Por Weildler Guerra Curvelo

En la selecta y laboriosa biblioteca que los misioneros italianos habían organizado en el colegio en donde cursé la educación secundaria había una novela casi perdida en uno de sus anaqueles. Podría haber pasado desapercibida durante años al lado de la Vidas de los doce césares de Suetonio o de Ivanhoe de Walter Scott. Sin embargo, su título era muy llamativo para ignorarla. Se trataba de Caravanas la singular novela del escritor norteamericano James Michener quien obtuvo el Premio Pulitzer con su obra Cuentos del Pacifico Sur en 1948.

La lectura de Caravanas fue nuestra entrada a Afganistán, una antigua y lejana nación de la que jamás habíamos escuchado hablar. Según Michener ese país “era más que una distante satrapía de Atenas, una tierra de elevada cultura muchos años antes de que Inglaterra hubiera sido debidamente descubierta o que el continente americano estuviese civilizado”. La obra transcurre en 1946, poco después de la Segunda guerra mundial, pero los sucesos nos parecen tan frescos que la novela pudiese haber sido escrita en la tarde de ayer. En ella podemos palpar los movimientos de un asno que hace girar con tozudez milenaria la noria de la historia.

Allí en sus páginas estaban las sumarias ejecuciones públicas, supervisadas por la religiosa figura de los mullahs Estas eran con frecuencia la cruel lapidación de una mujer acusada de adulterio, la muyilacion de la mano derecha de un ladrón o el degüello de un hombre que había participado en un delito pasional. Muchas de estas prácticas no estaban fundamentadas tanto en la ley islámica como en la tradición de los pashtunes, el grupo étnico mayoritario en el país y que conforma la fuerza armada de los talibanes.
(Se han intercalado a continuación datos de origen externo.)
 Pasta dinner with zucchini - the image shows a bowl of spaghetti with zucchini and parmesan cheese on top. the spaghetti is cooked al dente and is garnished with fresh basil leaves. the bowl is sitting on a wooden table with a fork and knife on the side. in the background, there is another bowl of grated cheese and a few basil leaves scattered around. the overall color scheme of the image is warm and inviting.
Todo ello sucede en una nación situada recurrentemente en la encrucijada de la historia y en medio de las ambiciones de antiguos y nuevos imperios.

Quizás la mejor metáfora para comprender a Afganistán sea la del carácter de sus ríos que son, en apariencia, delgados hilos de agua pero que pueden convertirse en furiosos torrentes que arrasan los puentes mejor construidos.

En uno de los apartes de la novela un competente ingeniero alemán se suicida al ver que los pilares de sus puentes se mantienen intactos después de las inundaciones, pero sus accesos son arrastrados por la fuerza del agua haciendo de ellos monumentos aislados, costosos e inútiles. “Sus sólidos puentes son como el ejército británico, afirma un funcionario local.

Nuestros ríos, destruirán sus puentes, profesor-arquitecto, porque son puentes europeos y no están en condiciones de luchar contra los ríos afganos.”

Los fracasos reiterados en los intentos de imponer un nuevo orden sobre un país culturalmente heterogéneo, socialmente complejo y cargado de historia deben llevar a preguntarnos si ¿los valores occidentales, así como sus concepciones de derechos y democracia, son realmente universales y pueden ser fielmente trasplantados a otras sociedades?

Como lo dijeran los periódicos chinos, con ácido e irrefutable humor, ha sido menos traumática la transición del régimen afgano a manos de los fanáticos talibanes que la efectuada en enero pasado por el gobierno de Donald Trump al de Joe Biden con actos grotescos y cruentos como la toma del Capitolio norteamericano por parte de exaltados y pintorescos republicanos.